Reproduce each line, exactly, from the one containing "2018 Jeep Wrangler Unlimited" through the end of the material. Exclude pictures.

[Recorded data — start]

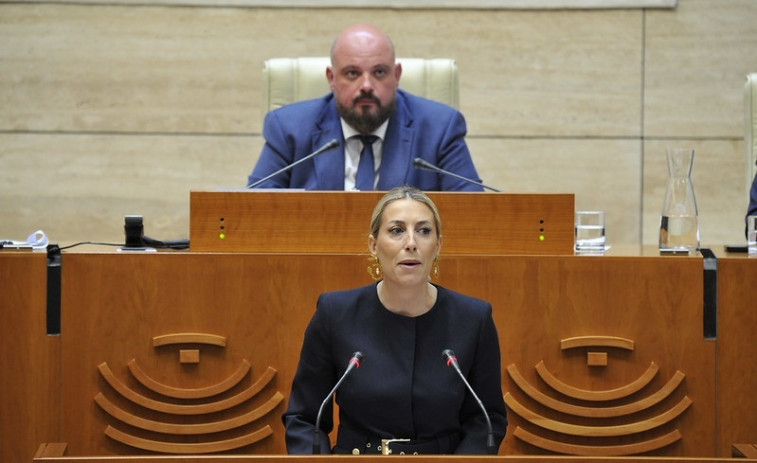 Vox rechaza por segunda vez la investidura de María Guardiola: solo cuenta con el apoyo del PP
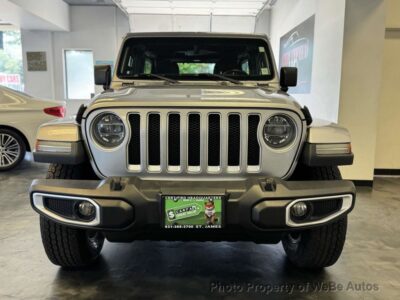 2018 Jeep Wrangler Unlimited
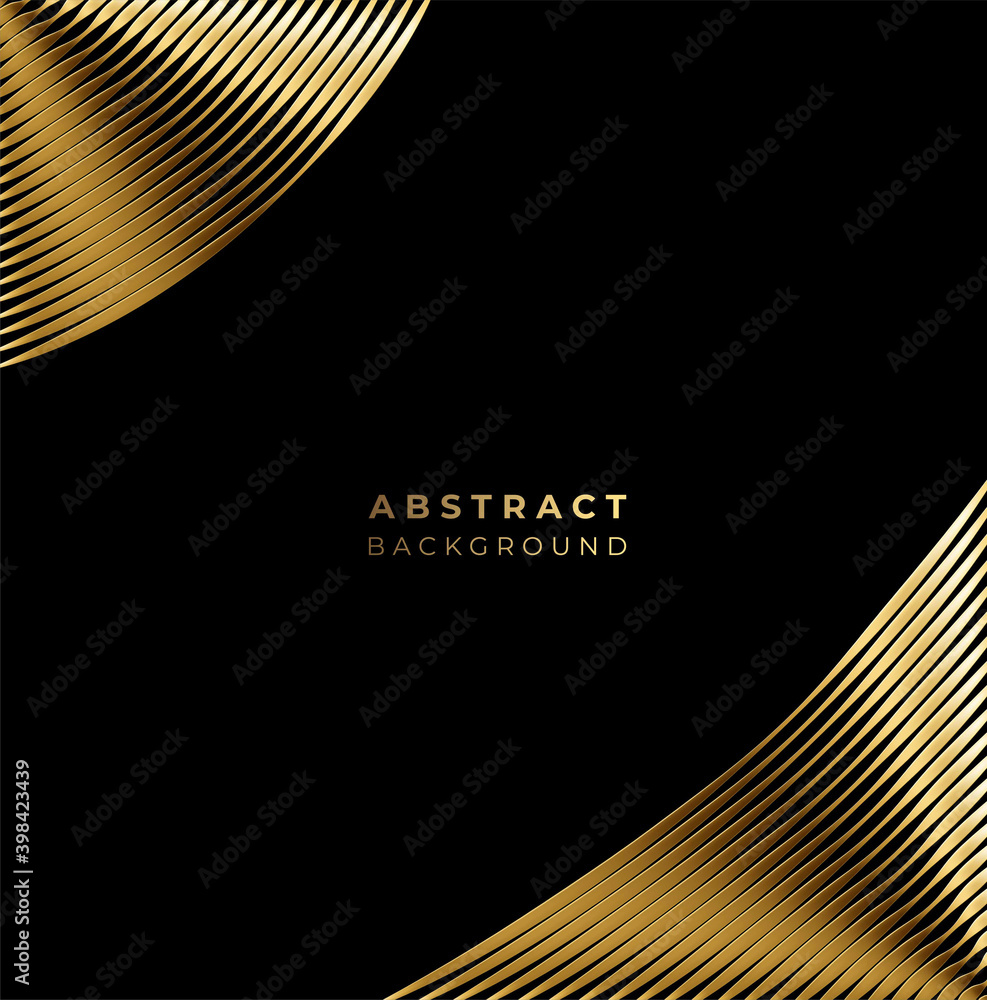 Canvas Prints modern abstract ad, web banner & header layout template.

[Recorded data — finish]

Answer section:
 2018 Jeep Wrangler Unlimited
 Canvas Prints modern abstract ad, web banner & header layout template.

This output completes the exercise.